也就是说,光线跟踪在某种意义上是数据并行广泛分散的控制流甚至适度复杂的场景。即使你设法将一堆紧密排列的光线映射到同一个SM上,你在初始反射中所拥有的数据和指令区域将不会保持很长时间。例如,想象所有32个高相干光线从球体弹出。在这种反弹之后,它们都将在相当不同的方向上行进,并且可能击中由不同材料制成的物体,具有不同的照明条件等。每个材料和一组照明,遮挡等条件具有与其相关联的其自己的指令流(以计算折射,反射,吸收等),因此,即使相当大的部分运行相同的指令流也变得相当困难的线程。这个问题,使用光线跟踪代码中的当前技术水平,将GPU利用率降低了16-32倍,这可能使得性能对于您的应用来说是不可接受的,尤其是如果它是实时的(例如游戏)。它仍然可能优于例如CPU的CPU。一个渲染农场。
That said, ray-tracing, while data-parallel in some sense, has widely-diverging control flow for even modestly-complex scenes. Even if you manage to map a bunch of tightly-spaced rays that you cast out right next to each other onto the same SM, the data and instruction locality you have for the initial bounce won't hold for very long. For instance, imagine all 32 highly-coherent rays bouncing off a sphere. They will all go in fairly different directions after this bounce, and will probably hit objects made out of different materials, with different lighting conditions, and so forth. Every material and set of lighting, occlusion, etc. conditions has its own instruction stream associated with it (to compute refraction, reflection, absorption, etc.), and so it becomes quite difficult to run the same instruction stream on even a significant fraction of the threads in an SM. This problem, with the current state of the art in ray-tracing code, reduces your GPU utilization by a factor of 16-32, which may make performance unacceptable for your application, especially if it's real-time (e.g. a game). It still might be superior to a CPU for e.g. a render farm.

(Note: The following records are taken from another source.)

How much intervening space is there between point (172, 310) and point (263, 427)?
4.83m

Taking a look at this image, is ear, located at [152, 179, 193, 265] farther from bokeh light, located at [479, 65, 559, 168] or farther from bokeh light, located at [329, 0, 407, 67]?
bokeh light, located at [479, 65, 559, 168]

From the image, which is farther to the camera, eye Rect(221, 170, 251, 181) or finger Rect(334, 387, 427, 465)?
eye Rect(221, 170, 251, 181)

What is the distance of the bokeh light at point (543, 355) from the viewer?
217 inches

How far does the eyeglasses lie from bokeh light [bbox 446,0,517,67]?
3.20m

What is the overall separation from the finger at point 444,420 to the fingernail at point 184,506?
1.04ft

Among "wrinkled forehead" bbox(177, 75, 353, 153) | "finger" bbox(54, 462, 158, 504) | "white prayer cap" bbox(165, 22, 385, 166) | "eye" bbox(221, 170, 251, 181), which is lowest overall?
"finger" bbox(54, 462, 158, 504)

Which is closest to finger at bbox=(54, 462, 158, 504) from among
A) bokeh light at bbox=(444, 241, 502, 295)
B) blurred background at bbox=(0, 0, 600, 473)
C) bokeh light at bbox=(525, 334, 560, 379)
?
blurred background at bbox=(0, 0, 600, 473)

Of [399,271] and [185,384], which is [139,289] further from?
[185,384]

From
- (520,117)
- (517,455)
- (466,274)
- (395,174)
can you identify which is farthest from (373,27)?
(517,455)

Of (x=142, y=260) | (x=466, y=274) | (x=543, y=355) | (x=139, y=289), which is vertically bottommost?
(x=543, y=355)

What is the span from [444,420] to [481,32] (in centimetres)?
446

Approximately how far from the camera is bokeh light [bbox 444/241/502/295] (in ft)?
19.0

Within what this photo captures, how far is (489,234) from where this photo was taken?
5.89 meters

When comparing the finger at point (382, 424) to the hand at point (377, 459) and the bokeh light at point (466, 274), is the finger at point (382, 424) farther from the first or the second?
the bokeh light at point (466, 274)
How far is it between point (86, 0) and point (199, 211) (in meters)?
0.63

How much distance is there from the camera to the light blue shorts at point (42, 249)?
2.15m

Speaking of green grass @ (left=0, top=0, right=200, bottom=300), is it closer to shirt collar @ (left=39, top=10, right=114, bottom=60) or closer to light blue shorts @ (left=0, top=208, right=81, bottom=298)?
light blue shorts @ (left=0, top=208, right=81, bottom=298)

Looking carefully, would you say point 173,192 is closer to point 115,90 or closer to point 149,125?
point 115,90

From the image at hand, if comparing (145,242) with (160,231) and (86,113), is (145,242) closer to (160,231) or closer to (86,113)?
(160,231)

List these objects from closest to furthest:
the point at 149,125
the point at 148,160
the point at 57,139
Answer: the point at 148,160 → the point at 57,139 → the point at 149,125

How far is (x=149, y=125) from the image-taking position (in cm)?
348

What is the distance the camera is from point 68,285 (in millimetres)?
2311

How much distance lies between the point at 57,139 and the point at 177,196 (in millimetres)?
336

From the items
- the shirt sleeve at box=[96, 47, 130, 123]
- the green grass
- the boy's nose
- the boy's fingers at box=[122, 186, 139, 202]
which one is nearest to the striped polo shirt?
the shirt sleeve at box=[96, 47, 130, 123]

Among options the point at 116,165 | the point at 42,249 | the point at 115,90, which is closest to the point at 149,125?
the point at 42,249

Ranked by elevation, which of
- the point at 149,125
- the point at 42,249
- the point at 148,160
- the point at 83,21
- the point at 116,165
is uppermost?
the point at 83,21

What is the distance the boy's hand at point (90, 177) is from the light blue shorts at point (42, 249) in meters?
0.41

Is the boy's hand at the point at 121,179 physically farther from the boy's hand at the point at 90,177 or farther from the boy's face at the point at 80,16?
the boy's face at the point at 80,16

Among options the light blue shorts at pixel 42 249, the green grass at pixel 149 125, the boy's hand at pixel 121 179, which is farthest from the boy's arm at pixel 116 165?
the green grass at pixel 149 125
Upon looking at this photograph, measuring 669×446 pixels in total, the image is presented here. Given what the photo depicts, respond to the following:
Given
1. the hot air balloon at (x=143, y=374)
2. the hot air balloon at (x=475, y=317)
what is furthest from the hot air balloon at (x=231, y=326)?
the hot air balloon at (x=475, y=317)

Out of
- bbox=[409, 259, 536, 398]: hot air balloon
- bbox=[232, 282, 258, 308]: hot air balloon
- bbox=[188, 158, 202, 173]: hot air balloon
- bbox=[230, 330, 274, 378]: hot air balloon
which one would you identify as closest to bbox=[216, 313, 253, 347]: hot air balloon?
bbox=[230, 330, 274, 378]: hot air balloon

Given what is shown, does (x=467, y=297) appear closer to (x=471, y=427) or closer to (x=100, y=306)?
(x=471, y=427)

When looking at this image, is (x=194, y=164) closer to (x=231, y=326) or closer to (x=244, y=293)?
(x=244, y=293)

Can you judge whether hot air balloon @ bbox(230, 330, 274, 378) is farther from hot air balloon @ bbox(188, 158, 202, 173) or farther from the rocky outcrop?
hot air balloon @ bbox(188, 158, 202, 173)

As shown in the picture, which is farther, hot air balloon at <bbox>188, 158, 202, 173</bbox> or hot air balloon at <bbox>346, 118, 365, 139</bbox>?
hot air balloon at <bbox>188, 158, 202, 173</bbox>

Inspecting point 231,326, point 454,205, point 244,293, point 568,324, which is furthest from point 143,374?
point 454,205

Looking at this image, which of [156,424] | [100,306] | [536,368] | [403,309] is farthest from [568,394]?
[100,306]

现在有一个新兴的MIMD或SPMD加速器类在研究社区。我会将这些作为软件的实时光线跟踪的逻辑平台。
There is an emerging class of MIMD or SPMD accelerators being looked at now in the research community. I would look at these as logical platforms for software, real-time raytracing.
如果你对所涉及的算法感兴趣,并将它们映射到代码,请查看POVRay。还要研究光子映射,这是一个有趣的技术,甚至更接近代表物理现实比光线追踪一步。

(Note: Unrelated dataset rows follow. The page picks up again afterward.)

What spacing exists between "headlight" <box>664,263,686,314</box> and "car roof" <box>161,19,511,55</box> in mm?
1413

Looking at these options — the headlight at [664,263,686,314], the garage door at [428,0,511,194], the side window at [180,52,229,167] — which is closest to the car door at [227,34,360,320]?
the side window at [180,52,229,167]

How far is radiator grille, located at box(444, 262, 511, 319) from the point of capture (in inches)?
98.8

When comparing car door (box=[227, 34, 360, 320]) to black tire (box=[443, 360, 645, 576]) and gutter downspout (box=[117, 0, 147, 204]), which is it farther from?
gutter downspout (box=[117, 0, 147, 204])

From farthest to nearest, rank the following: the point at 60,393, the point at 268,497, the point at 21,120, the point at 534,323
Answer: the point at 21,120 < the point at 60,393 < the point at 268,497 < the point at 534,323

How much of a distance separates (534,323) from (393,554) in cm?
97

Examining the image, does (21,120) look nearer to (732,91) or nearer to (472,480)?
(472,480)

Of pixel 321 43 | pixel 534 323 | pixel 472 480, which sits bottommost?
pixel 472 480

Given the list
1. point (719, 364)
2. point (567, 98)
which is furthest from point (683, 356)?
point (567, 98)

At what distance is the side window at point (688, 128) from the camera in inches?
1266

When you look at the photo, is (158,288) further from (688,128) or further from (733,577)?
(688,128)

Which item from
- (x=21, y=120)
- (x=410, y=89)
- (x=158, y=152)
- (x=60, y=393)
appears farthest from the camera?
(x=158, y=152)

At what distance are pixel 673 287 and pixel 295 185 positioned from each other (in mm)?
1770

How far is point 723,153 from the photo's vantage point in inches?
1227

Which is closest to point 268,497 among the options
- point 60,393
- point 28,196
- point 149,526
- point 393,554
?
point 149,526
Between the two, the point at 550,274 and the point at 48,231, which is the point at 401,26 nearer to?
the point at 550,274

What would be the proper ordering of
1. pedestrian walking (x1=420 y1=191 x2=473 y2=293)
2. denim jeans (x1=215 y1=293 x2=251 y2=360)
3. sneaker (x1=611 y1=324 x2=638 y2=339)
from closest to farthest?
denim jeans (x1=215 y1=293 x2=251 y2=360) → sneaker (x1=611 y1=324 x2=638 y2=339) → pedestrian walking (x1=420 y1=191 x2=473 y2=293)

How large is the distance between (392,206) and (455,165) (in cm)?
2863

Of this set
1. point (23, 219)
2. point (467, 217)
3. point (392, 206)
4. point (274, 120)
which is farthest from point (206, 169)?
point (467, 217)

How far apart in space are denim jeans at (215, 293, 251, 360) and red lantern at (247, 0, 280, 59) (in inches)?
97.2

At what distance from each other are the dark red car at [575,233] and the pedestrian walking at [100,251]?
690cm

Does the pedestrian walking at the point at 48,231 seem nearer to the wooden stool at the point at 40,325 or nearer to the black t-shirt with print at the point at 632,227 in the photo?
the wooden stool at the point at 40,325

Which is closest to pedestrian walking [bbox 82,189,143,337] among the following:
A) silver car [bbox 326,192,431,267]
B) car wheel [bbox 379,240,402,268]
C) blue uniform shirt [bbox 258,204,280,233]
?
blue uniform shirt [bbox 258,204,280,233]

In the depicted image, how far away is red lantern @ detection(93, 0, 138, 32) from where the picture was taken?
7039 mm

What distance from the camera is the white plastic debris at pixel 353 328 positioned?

If you're interested in the algorithms involved and mapping them to code, check out POVRay. Also look into photon mapping, it's an interesting technique that even goes one step closer to representing physical reality than raytracing.
这篇关于光线跟踪与CUDA的文章就介绍到这了,希望我们推荐的答案对大家有所帮助,也希望大家多多支持!